Social Network

Basic Model

The Forest Fire model was firstly proposed in [1] and [2]. It shows its applications in [3] and [4]. The basic setting of the model is as follows. The model has two parameters, a forward burning probability $latex p$ and a backward burning ratio $latex r$. Consider a node $latex v$ joining the network at time $latex t > 1$, and let $latex G_{t}$ be the graph constructed thus far. $latex G_{1}$ will consist of just a single node. Node $latex v$ forms outlinks to nodes in $latex G_{t}$ according to the following process:

(a) $latex v$ first chooses an ambassador node $latex w$ uniformly at random and forms a link to $latex w$.

(b) Generate two random numbers, $latex x$ and $latex y$, that are geometrically distributed with means $latex \frac{p}{1-p}$ and $latex \frac{rp}{1- rp}$, respectively. Node $latex v$ selects $latex x$ outlinks and $latex y$ in-links of $latex w$ incident to nodes that were not yet visited. Let $latex w_{1}, w_{2},\cdots, w_{x+y}$ denotes the other ends of these selected links. If not enough in or outlinks are available, $latex v$ selects as many as it can.

(c) $latex v$ forms outlinks to $latex w_{1}, w_{2} , \cdots, w_{x+y}$ and then applies step (b) recursively to each of $latex w_{1}, w_{2} , \cdots, w_{x+y}$. As the process continues, nodes cannot be visited a second time, preventing the construction from cycling.

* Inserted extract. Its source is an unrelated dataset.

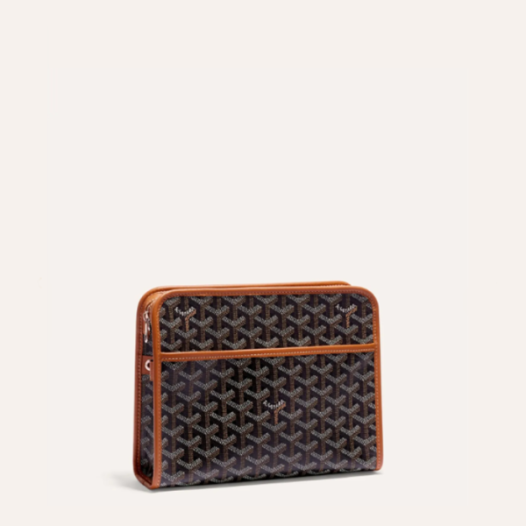 ❤고야드 남/녀 블랙 탄 쥬방스 백 GM - Goyard Unisex Jouvence GM Toilet Bag - gob1357x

Thus, the burning of links in the Forest Fire model begins at $latex w$, spreads to $latex w_{1}, w_{2} , \cdots, w_{x+y}$ and proceeds recursively until it dies out. The original authors claim that this model can preserve the following three properties of a graph as growing:

• Heavy-tailed in-degree and out-degree distribution
• Densification power law
• Shrinking diameter

Application to Graph Sampling

In [3], the authors described how to apply Forest Fire model to graph sampling as follows. We first choose node $latex v$ uniformly at random. We then generate a random number $latex x$ that is geometrically distributed with mean $latex \frac{p_{f}}{1-p_{f}}$. Node $latex v$ selects $latex x$ out-links incident to nodes that were not yet visited. Let $latex w_{1}, w_{2}, \cdots, w_{x}$ denote the other ends of these selected links. We then apply this step recursively to each of $latex w_{1}, w_{2}, \cdots, w_{x}$ until enough nodes have been burned. As the process continues, nodes cannot be visited a second time, preventing the construction from cycling. If the fire dies, then we restart it, i.e. select new node $latex v$ uniformly at random. We call the parameter $latex p_{f}$ the forward burning probability. In [4], the authors start from a set of “seed” users, which are chosen in three ways: 1) totally random 2) geo-location random 3) randomly according to user activities.

Remarks

Forest Fire model is indeed an ad-hoc model. As stated in [2], it lacks of rigorous analysis of the model itself.

Reference

[1] J. Leskovec, J. Kleinberg, and C. Faloutsos. Graphs over time: densification laws, shrinking diameters and possible explanations. In Proceedings of the eleventh ACM SIGKDD international conference on Knowledge discovery in data mining, KDD ’05, pages 177–187, New York, NY, USA, 2005. ACM.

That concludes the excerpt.